[Recorded data — start]

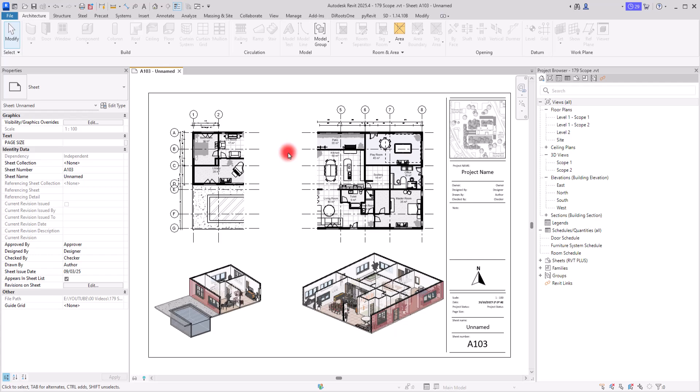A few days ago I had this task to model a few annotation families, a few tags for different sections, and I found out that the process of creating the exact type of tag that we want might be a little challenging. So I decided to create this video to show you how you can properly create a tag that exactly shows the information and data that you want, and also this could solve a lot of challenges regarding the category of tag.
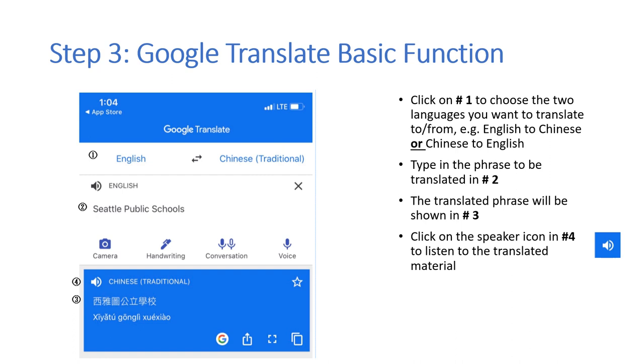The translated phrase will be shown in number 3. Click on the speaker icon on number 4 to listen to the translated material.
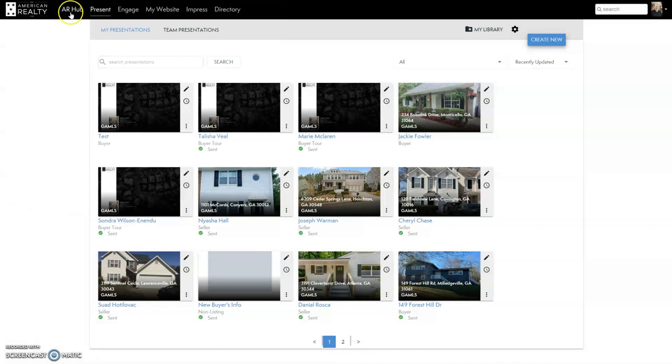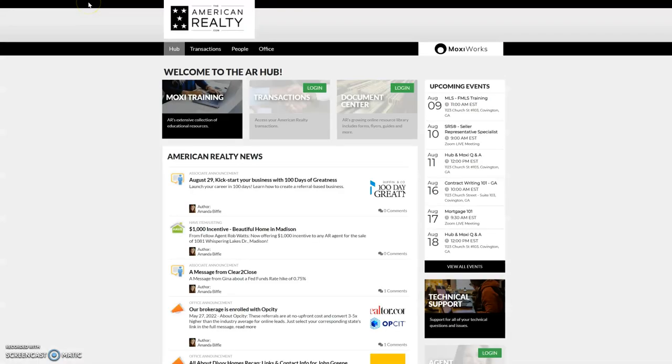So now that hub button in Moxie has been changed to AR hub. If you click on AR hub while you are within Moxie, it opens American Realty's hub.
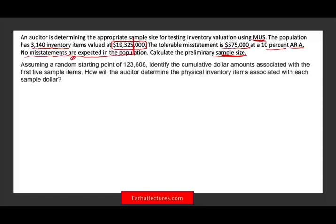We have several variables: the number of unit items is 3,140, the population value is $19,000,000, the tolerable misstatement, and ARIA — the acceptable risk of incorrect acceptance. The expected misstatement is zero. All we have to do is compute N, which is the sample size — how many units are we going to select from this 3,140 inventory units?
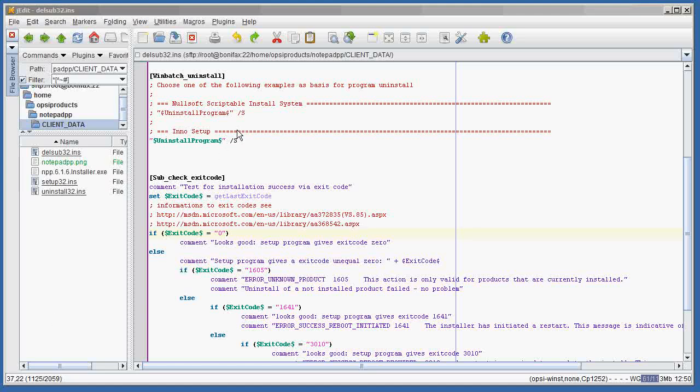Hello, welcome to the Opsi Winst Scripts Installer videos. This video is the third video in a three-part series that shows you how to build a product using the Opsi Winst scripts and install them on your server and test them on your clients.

[Recorded data — finish]

◆ Work to complete ◆
Could you reproduce all of the material exactly? Keep the pictures out of it.

◆ Solution to this task ◆
A few days ago I had this task to model a few annotation families, a few tags for different sections, and I found out that the process of creating the exact type of tag that we want might be a little challenging. So I decided to create this video to show you how you can properly create a tag that exactly shows the information and data that you want, and also this could solve a lot of challenges regarding the category of tag.
The translated phrase will be shown in number 3. Click on the speaker icon on number 4 to listen to the translated material.
So now that hub button in Moxie has been changed to AR hub. If you click on AR hub while you are within Moxie, it opens American Realty's hub.
We have several variables: the number of unit items is 3,140, the population value is $19,000,000, the tolerable misstatement, and ARIA — the acceptable risk of incorrect acceptance. The expected misstatement is zero. All we have to do is compute N, which is the sample size — how many units are we going to select from this 3,140 inventory units?
Hello, welcome to the Opsi Winst Scripts Installer videos. This video is the third video in a three-part series that shows you how to build a product using the Opsi Winst scripts and install them on your server and test them on your clients.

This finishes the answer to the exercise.